Overigens kan de OR in het kader van het bovenstaande op basis de artikelen 16 en 23a, zesde lid, WOR ook één of meer deskundigen raadplegen of uitnodigen om respectievelijk de vergadering van de OR of de overlegvergadering met de ondernemer bij te wonen. De kosten hiervan komen ten laste van de ondernemer, mits de ondernemer vooraf over die kosten in kennis is gesteld (artikel 22, tweede lid, WOR). De OR heeft hiermee een stevige positie als behartiger van de belangen van de werknemers en als adviseur van de ondernemer.
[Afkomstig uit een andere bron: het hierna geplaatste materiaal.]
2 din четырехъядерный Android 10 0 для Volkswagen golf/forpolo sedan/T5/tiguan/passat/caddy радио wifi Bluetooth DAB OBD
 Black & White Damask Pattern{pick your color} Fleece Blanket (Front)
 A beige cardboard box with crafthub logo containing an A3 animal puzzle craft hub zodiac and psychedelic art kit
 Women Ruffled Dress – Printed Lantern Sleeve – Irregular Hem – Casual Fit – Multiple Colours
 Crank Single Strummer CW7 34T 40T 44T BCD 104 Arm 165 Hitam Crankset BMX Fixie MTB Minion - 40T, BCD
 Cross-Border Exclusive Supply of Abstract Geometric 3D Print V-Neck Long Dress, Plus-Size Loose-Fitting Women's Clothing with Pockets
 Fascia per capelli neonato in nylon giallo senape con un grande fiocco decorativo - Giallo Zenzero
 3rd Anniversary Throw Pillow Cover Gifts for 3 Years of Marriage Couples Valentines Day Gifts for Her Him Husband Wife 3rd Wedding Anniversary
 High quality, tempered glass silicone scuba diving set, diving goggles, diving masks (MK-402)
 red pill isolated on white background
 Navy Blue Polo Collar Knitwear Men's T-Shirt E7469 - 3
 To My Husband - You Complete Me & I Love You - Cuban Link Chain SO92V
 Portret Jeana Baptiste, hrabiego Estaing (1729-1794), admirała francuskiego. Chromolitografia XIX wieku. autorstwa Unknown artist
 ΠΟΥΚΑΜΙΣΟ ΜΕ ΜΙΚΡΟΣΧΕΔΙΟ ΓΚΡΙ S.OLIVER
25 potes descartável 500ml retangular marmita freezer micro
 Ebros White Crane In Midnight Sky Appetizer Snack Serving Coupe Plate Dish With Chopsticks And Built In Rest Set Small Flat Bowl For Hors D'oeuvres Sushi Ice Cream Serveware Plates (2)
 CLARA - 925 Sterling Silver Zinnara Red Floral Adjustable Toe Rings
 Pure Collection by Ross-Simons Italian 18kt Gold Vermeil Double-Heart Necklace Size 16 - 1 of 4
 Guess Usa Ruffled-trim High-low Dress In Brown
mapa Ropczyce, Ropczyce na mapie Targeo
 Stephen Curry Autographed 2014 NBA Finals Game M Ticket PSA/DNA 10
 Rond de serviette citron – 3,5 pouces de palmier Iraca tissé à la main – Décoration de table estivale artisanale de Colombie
In de consultatie en nadien opnieuw in een brief aan de commissie Justitie en Veiligheid van uw Kamer die ook in afschrift aan mij is verstuurd, hebben de FNV, CNV en VCP een aanvullende regeling bepleit. Meer in het bijzonder stelden zij voor om een systeem te introduceren waarbij derden – zoals de accountant en bepaalde schuldeisers, waaronder banken en de belastingdienst – verplicht zouden worden om:

  • eerst de ondernemer in te lichten als zij omstandigheden signaleren die tot dreigende insolventie zouden kunnen leiden, en

  • vervolgens ook belanghebbenden daarover te informeren, als de ondernemer na de mededeling niet tijdig, te weinig of helemaal geen actie onderneemt.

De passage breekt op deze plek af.